*** Opening of PROVIDED RECORDS ***
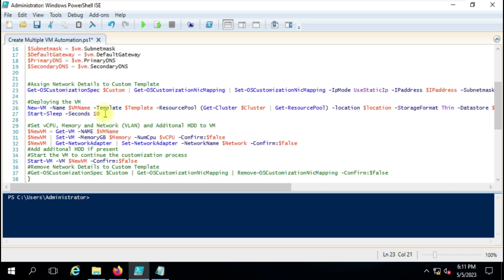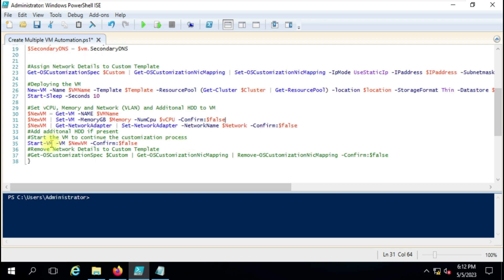Once the virtual machine is built, it will automatically set the CPU, memory, network VLAN, and any additional HDDs. Then after deployment is done it will automatically rename the VM, get the virtual machine name, set the memory, set the CPU — with confirmation suppressed so it won't ask you during the script. Then we use Set-NetworkAdapter to assign the VLAN, because the template deploys with a default VLAN, and once the build is done we assign the proper VLAN that was given in the CSV file. Then we start the virtual machine and the customization process continues.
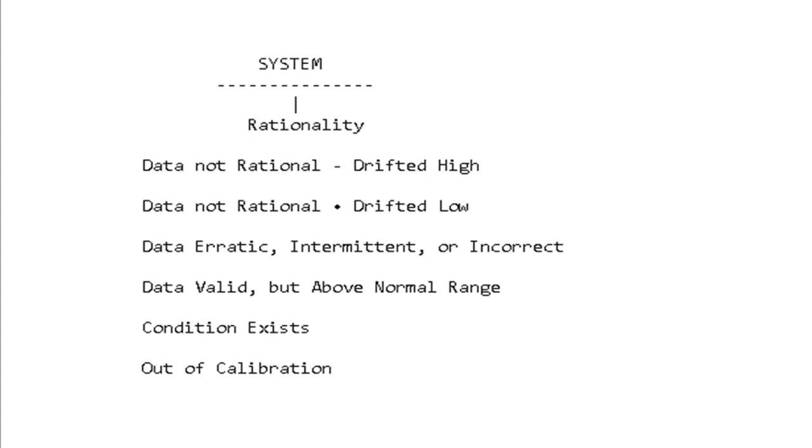Data is valid but above normal range. You might see that with DEF fluid temperature—the fault might say the data is valid but above normal range because it's a little bit hotter than it wants it to be. A condition exists or out of calibration.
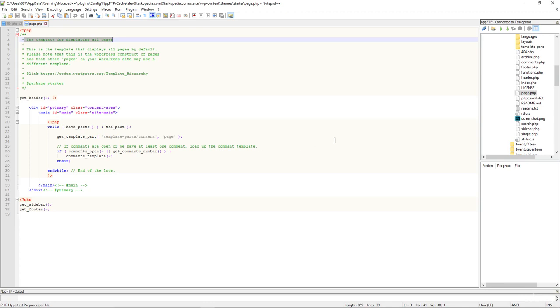And so on and so forth. We have single.php, we have sidebar.php. All these template files control specific parts of any WordPress website. So join me in the very next class where we'll begin to take a look at the core template files, which you'll find in any WordPress theme.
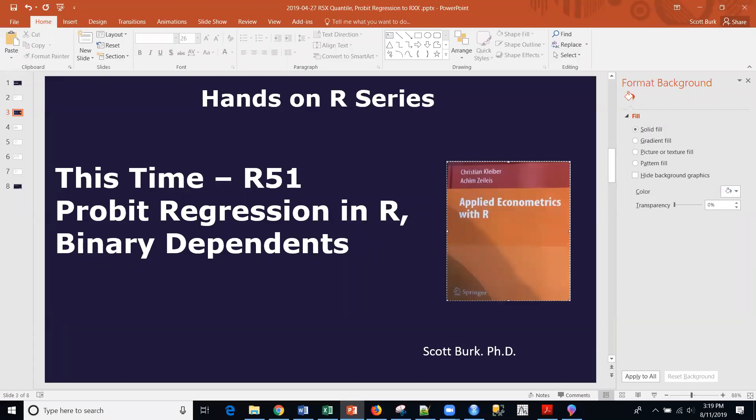Hello, this is Scott. Welcome back to my YouTube channel where I cover a variety of different data science and analytics topics, everything from open discussions to software platforms. Today we're going to be talking about software and an example in R. Specifically, we're going to talk about probit regression in R.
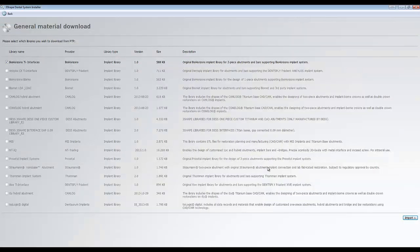The next window will have a list of implant systems that you may or may not have enabled on your dongle. If you want to import the systems you are enabled for, check the appropriate boxes next to the name of the system and click Import in the bottom right corner of the screen. This process could take some time depending on the number of systems selected.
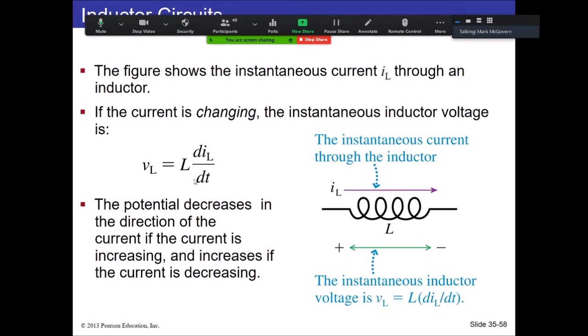There's no negative sign included here, which is a bit strange. Just remember that if current is decreasing, that's a potential gain; if current is increasing, that's going to be a potential negative difference. The negative sign is kind of inherently built into dI/dt.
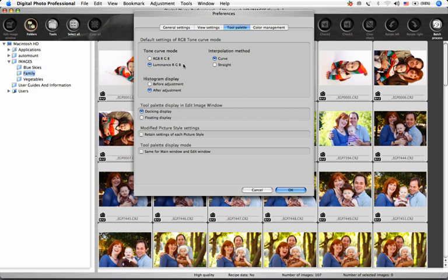I find that most people like to see their histogram display update when they make an adjustment, so they leave After Adjustment selected here.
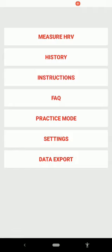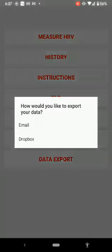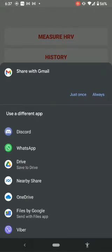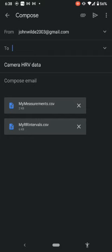Click the last button that says 'Data Export.' You'll get options for how to export your data — click Email. Depending on your phone you'll see various sharing options; at the top you'll see Gmail. Click 'Just Once' to share via Gmail. If you don't have Gmail on your phone, we'll link an accompanying video in the description and playlist on how to download and set up email on Android.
*** Close of PROVIDED RECORDS ***
• **EXERCISE PROMPT**
Pick up at the line containing "There's no negative" and copy each line exactly until the data ends, including that last line; copy no pictures.

• **EXPECTED OUTPUT**
There's no negative sign included here, which is a bit strange. Just remember that if current is decreasing, that's a potential gain; if current is increasing, that's going to be a potential negative difference. The negative sign is kind of inherently built into dI/dt.
I find that most people like to see their histogram display update when they make an adjustment, so they leave After Adjustment selected here.
Click the last button that says 'Data Export.' You'll get options for how to export your data — click Email. Depending on your phone you'll see various sharing options; at the top you'll see Gmail. Click 'Just Once' to share via Gmail. If you don't have Gmail on your phone, we'll link an accompanying video in the description and playlist on how to download and set up email on Android.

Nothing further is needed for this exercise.